Relief for Innocent Spouses
Congress adopted sweeping changes to the “innocent spouse” rules in the 1998 Restructuring & Reform Act- changes that provide taxpayers with several significant new options. New Code Section 6015 now offers three important avenues for spouses seeking relief from joint and several tax liabilities:
- Relief on traditional “innocent spouse” grounds.
- A new “separate liability” election for taxpayers who are no longer married or who have separated; and
- “Equitable” relief for those who deserve it, based on the surrounding facts and circumstances.
Traditional Innocent Spouse Relief
While preserving the basic elements of former law, the Restructuring Act generally makes spousal relief on this ground easier to obtain. The basic elements include:
- A joint return must have been made for the taxable year;
- there must be an understatement of tax attributable to erroneous items of one of the individuals filing the return
- the other individual filing the joint return establishes that in signing the return, he or she did not know, and had no reason to know that there was such an understatement of tax; and
- taking into account all the facts and circumstances, it would be inequitable to hold the other liable for deficiency attributable to such understatement.

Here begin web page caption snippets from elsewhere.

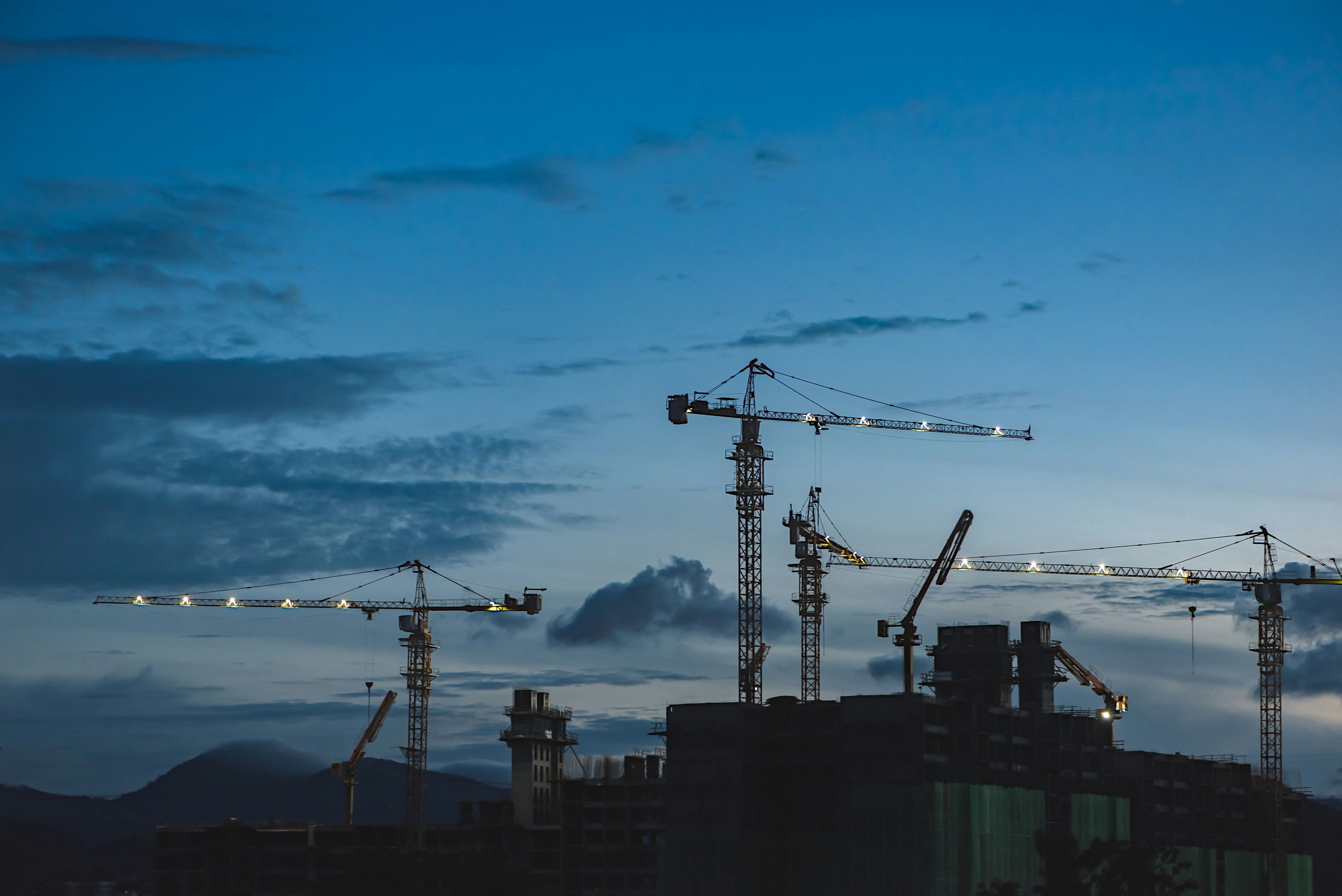 A silhouette of a building under construction with cranes around it against an evening sky and a backdrop of mountains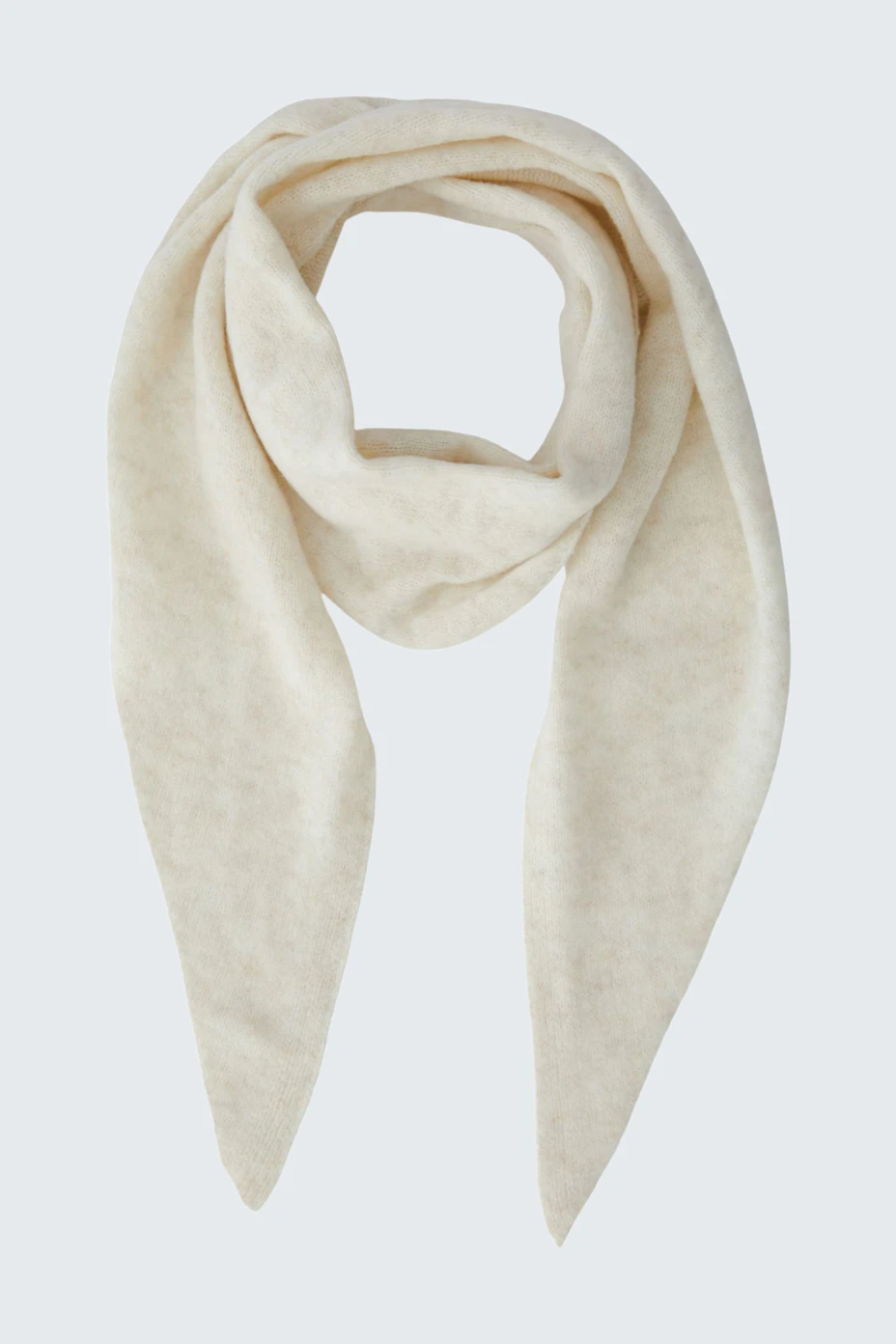 Soft beige scarf, perfect for layering. Cozy and versatile accessory for any casual outfit.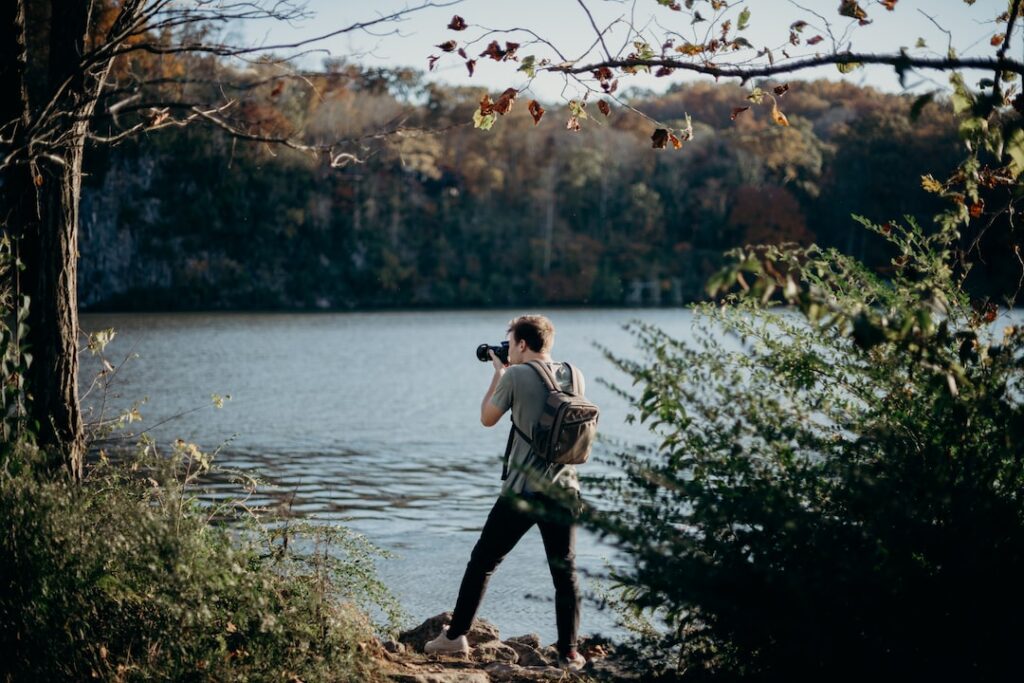 Photographer capturing scenic lake in autumn.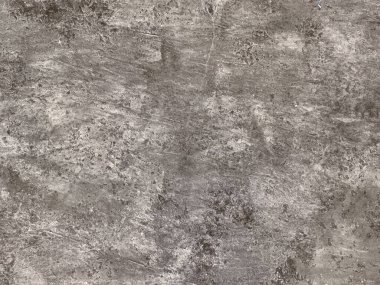 Bir yüzeyde dekoratif gri desenli boya. Rastgele fırça darbeleri, grunge ve toprak desenli pürüzlü gri beton boya. Kusursuz arkaplan dokusu.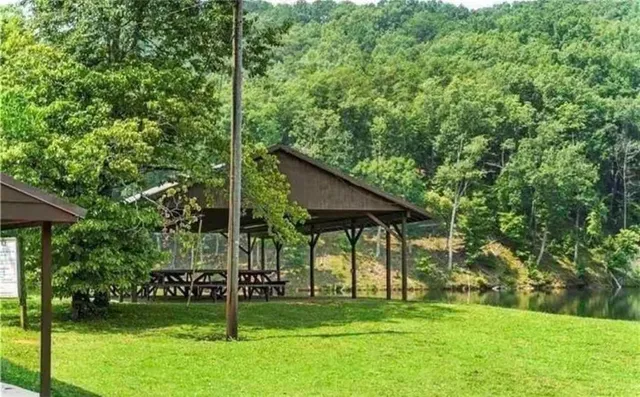 a view of a wooden deck and a yard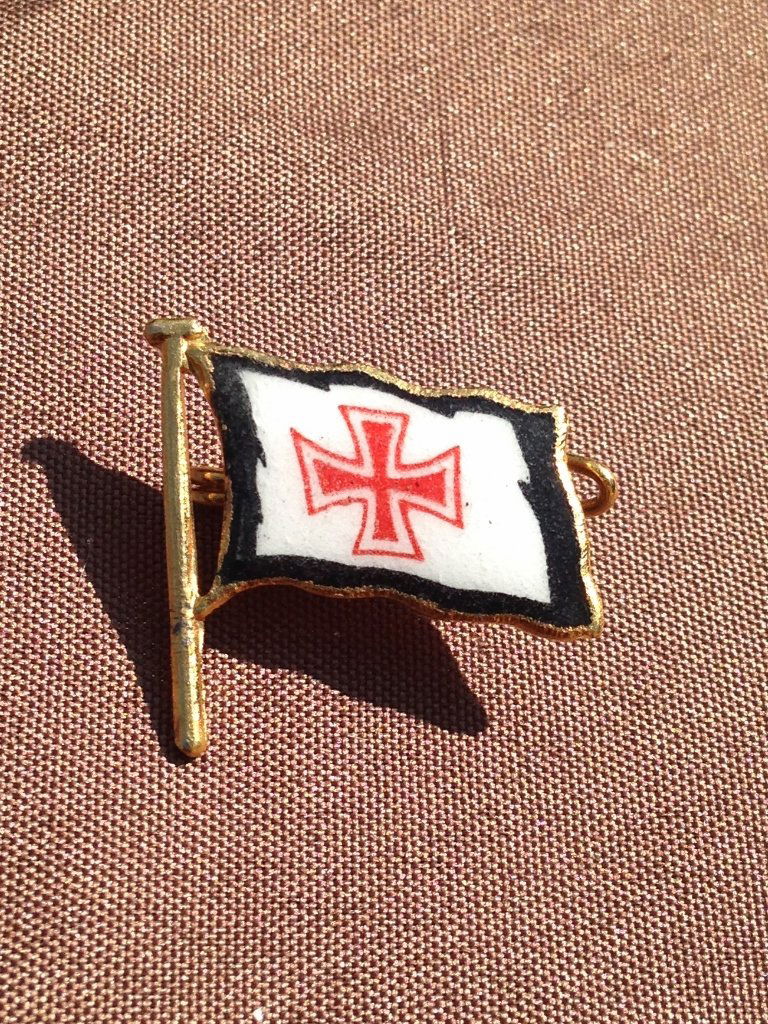 German WW2 era Flag insignia Kriegsmarine Enamel Pin: Enamel on brass German pin with Red Iron Cross on a White with Black Trim German Flag. Rare pin in Excellent Condition!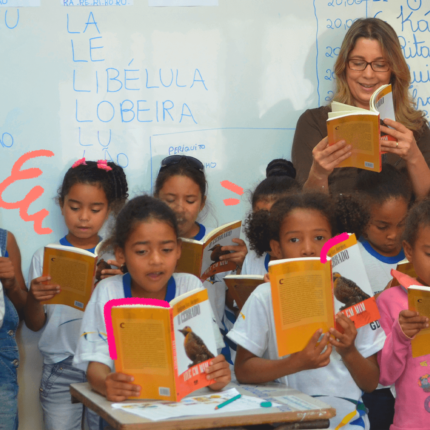imagem da matéria sobre os desafios para a educação brasileira mostra um grupo de ciranças vestidas de uniforme, em uma sala de aula, lendo livros.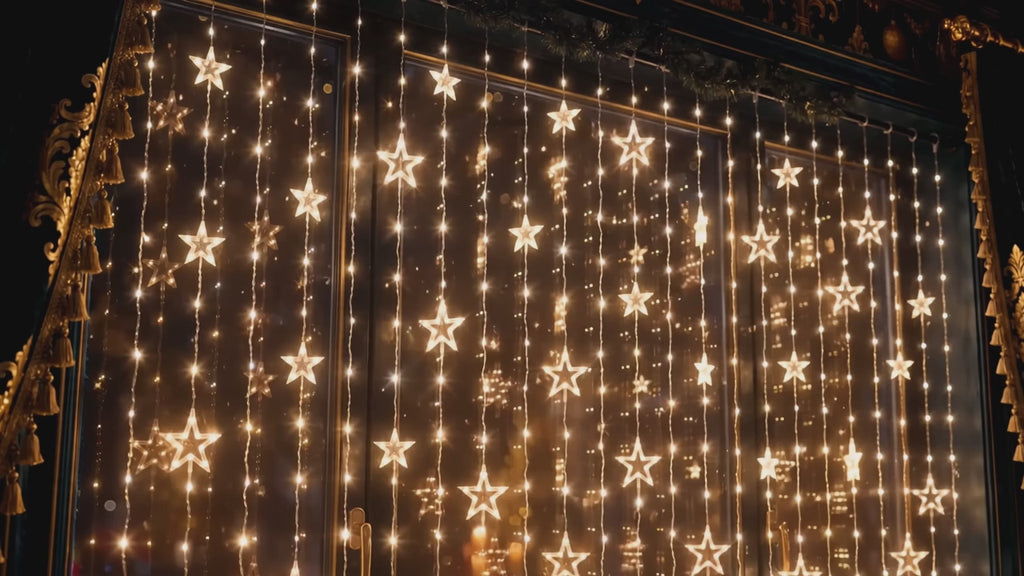 Vidéo : défilement des motifs animés du rideau lumineux de Noël DULUXE le soir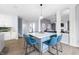 Bright eat-in kitchen featuring a center island with seating for six and an open-concept design with modern decor at 1032 Westview Point Dr, Columbus, IN 47201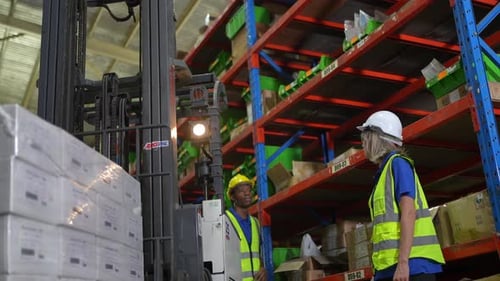 Warehouse worker controlling boxes in warehouse, Professional male warehouse worker moving cardboard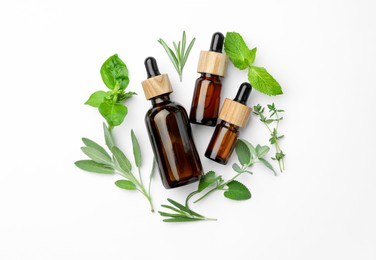 Photo of Bottles of essential oil and fresh herbs on white background, flat lay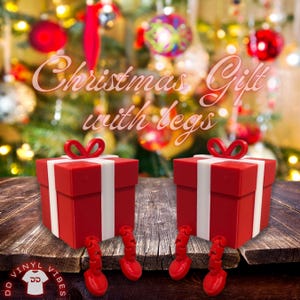 May include: Two red gift boxes with white ribbon and bow accents, each with red legs, sit on a wooden surface. The text "Christmas Gift with legs" is above the gifts. A Christmas tree with ornaments is in the background.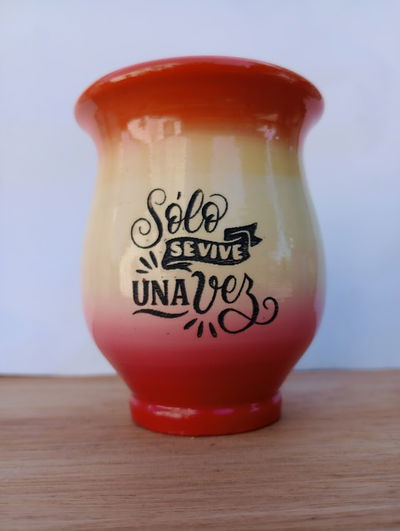 Mate Matearte vitrificado grabado frase 1 - naranja manteca rojo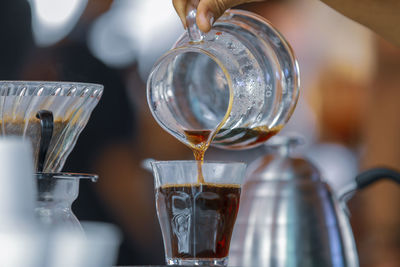 Close-up of drink in glass jar on table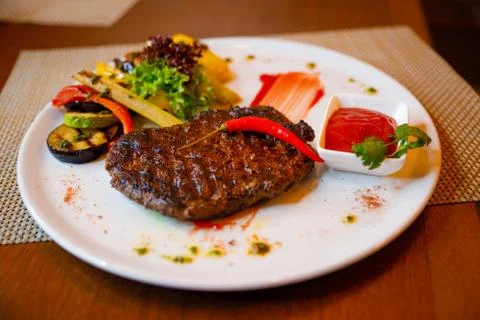 Medium-sized steak with vegetables in a cafe. Stock Photos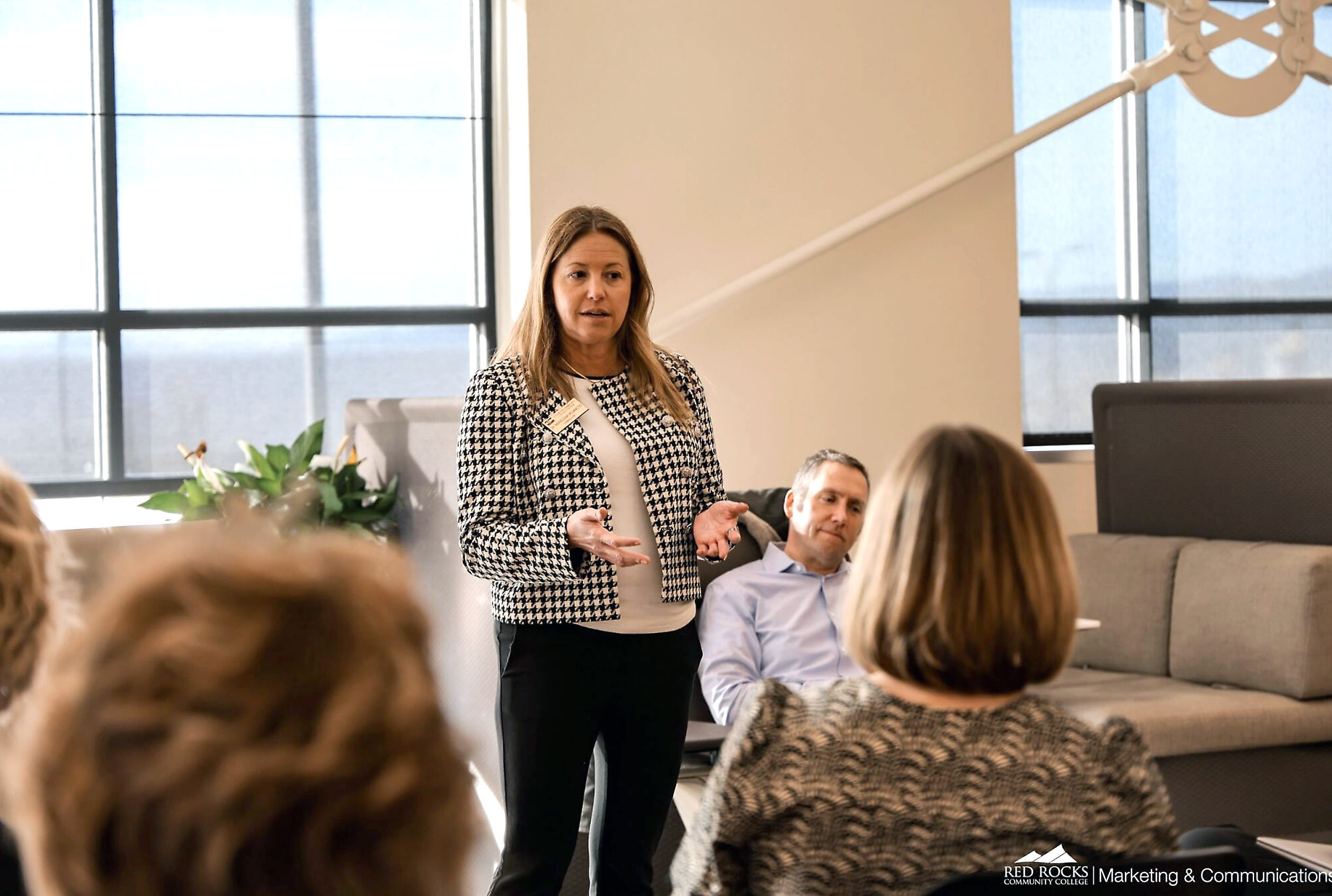 Professional woman presenting to colleagues in modern office with floor-to-ceiling windows and contemporary decor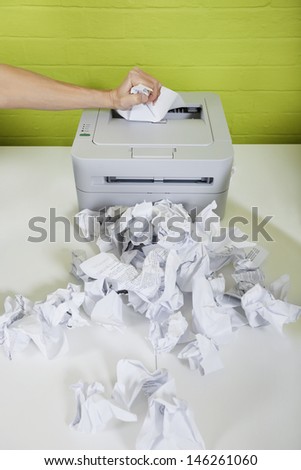 Cropped image of businessman\'s hand using printer with paper balls on desk
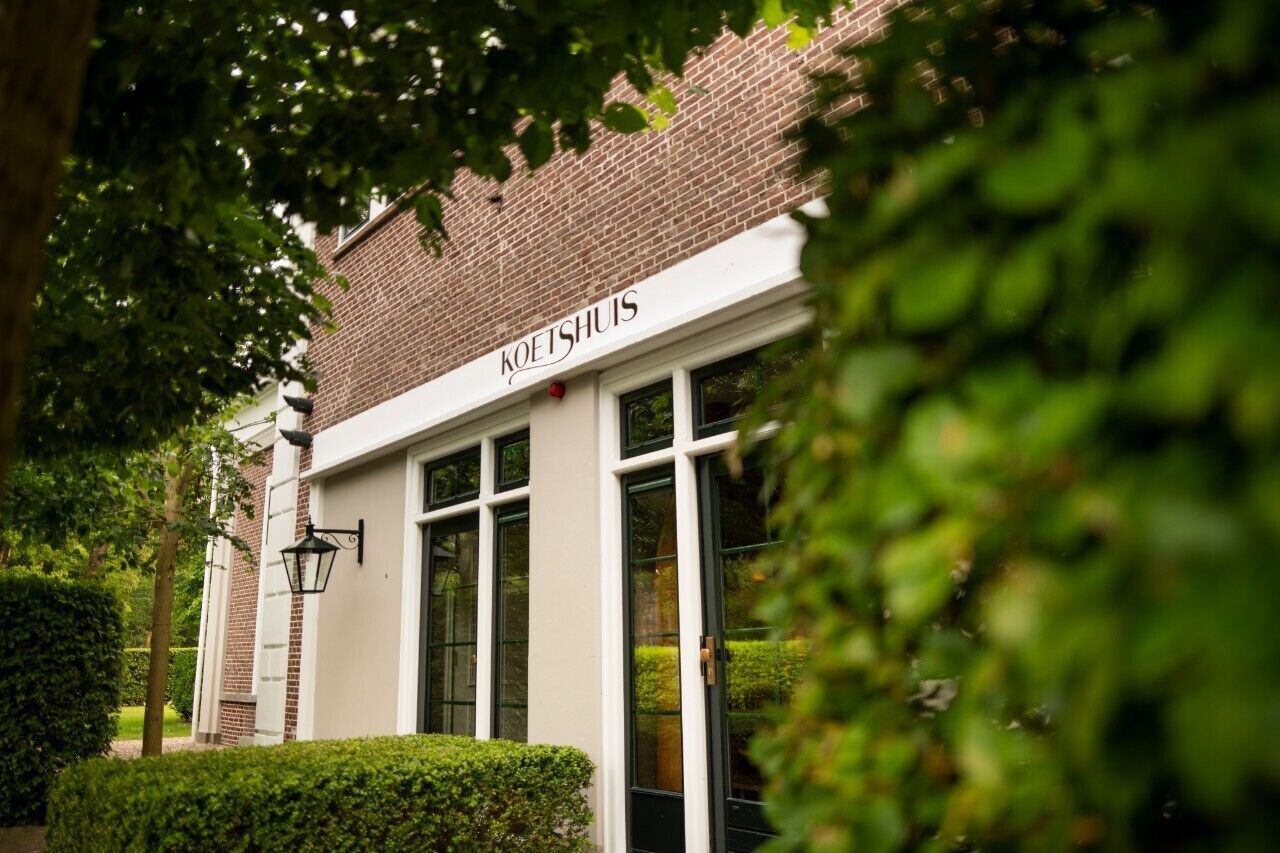 Een gebouw met een bord waarop 'KOETSHUIS' staat.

The act eliminates the understatement thresholds of former IRC Section 6013, and now requires only that the understatement of tax be attributable to an erroneous (and not just “grossly erroneous”, as in the past). The new statue also incorporates the “appointment” concept illustrated in the case of Wiksell V. Commissioner, (90 F.3d 1459 (9 th circuit)). This significant change allows a spouse to be found “partially innocent” and partially relieved of liability when he or she did not know or have reason to know of the extent of the understatement.